If you are building an AI-First application, you need to follow the data — and you need a lot of data — so you would likely gravitate towards integrating with big platforms (as in big companies with customers) that have APIs to pull data from. There’s so much valuable data in a CRM system, but five years ago, pretty much no one was applying machine learning to this data to improve sales. The data was, and still is for many companies, untapped. There’s got to be more to CRM than basic data entry and reporting, right? If we could apply machine learning, and if it worked, it could drive more revenue for companies. So naturally, we (Infer) went after CRM (Salesforce, Dynamics, SAP C4C), along with the marketing automation platforms (Marketo, Eloqua, Pardot, HubSpot) and even custom sales and marketing databases (via REST APIs). We helped usher a new category around Predictive Sales and Marketing. Now, with machine learning infrastructure in the open — with flowing (and free) documentation, how-to guides, online courses, open source libraries, cloud services, etc. — machine learning is being democratized. Anyone can model data. Some do it better than others, especially those with more infrastructure (for deep learning and huge data sets) and a better understanding of the algorithms and the underlying data.
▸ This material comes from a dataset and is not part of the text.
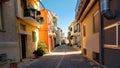 Buildings narrow road in Ioannina city greece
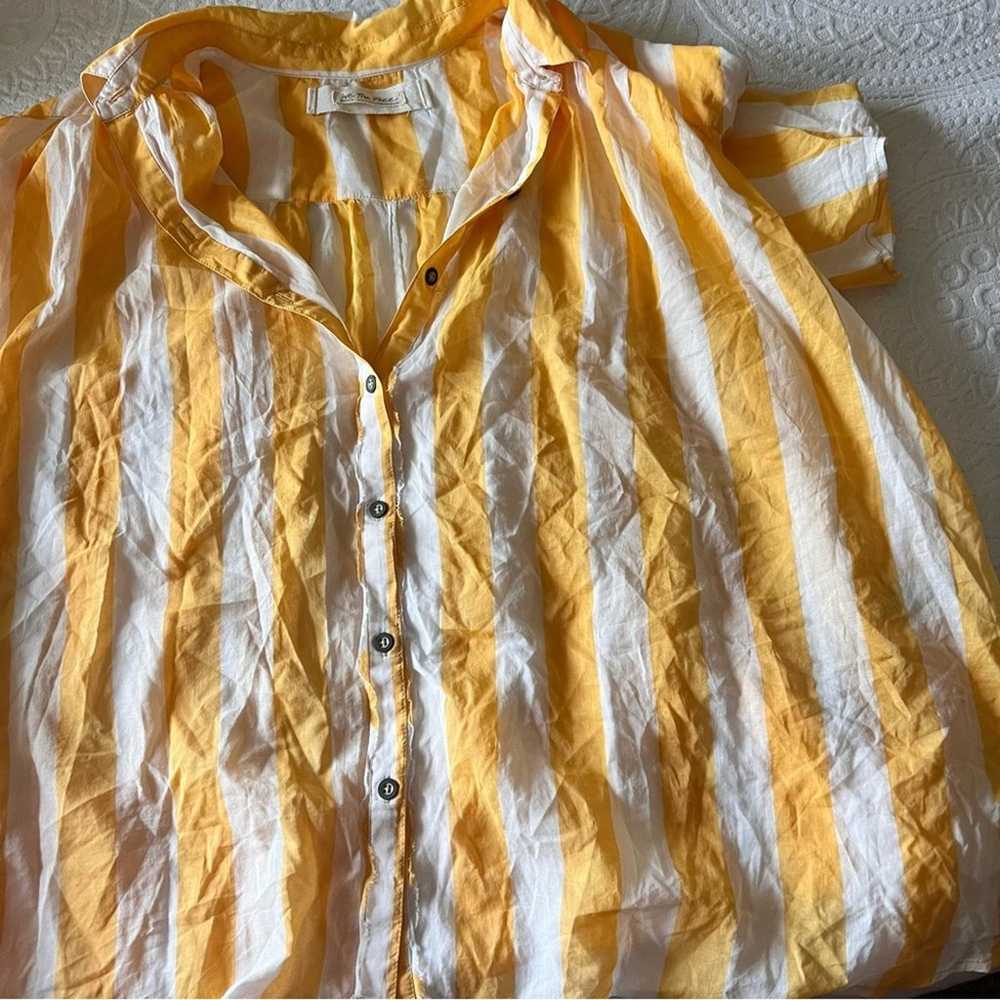 FREE PEOPLE We The Free Float Away Shirt Yellow a… - image 4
You may occasionally get pretty close with off-the-shelf approaches, but it’s almost always better to optimize for a particular problem. By doing so, you’ll not only squeeze out better or slightly better performance, but the understanding you gain from going deep will help you generalize and handle new data inputs better — which is key for knowing how to explain, fix, tweak and train the model over time to maintain or improve performance. It’s very important to understand where the user needs their predictions — and this may not be in just one system, but many. We had to provide open APIs and build direct integrations for Marketo, Eloqua, Salesforce, Microsoft Dynamics, HubSpot, Pardot, Google Analytics and Microsoft Power BI. Integrating into these systems is not fun. Each one has it own challenges: how to push predictions into records without locking out users who are editing at the same time; how to pull all the behavioral activity data out to determine when a prospect will be ready to buy (without exceeding the API limits); how to populate predictions across millions of records in minutes not hours; etc.
These are hard software and systems problems (99% perspiration). In fact, the integration work likely consumed more time than our modeling work. This is what it means to be truly “predictive everywhere.” Some companies like Salesforce are touting this idea, but it’s closed to their stack. For specific solutions like predictive lead scoring, this falls apart quickly, because most mid-market and enterprise companies run lead scoring in marketing automation systems like Marketo, Eloqua and Hubspot. Let’s think about use cases and making predictive disappear in a product. This is a crucial dimension and a clear sign of a mature AI-First company. There are a lot of early startups selling AI as their product to business users. However, most business users don’t want or should want AI — they want a solution to a problem.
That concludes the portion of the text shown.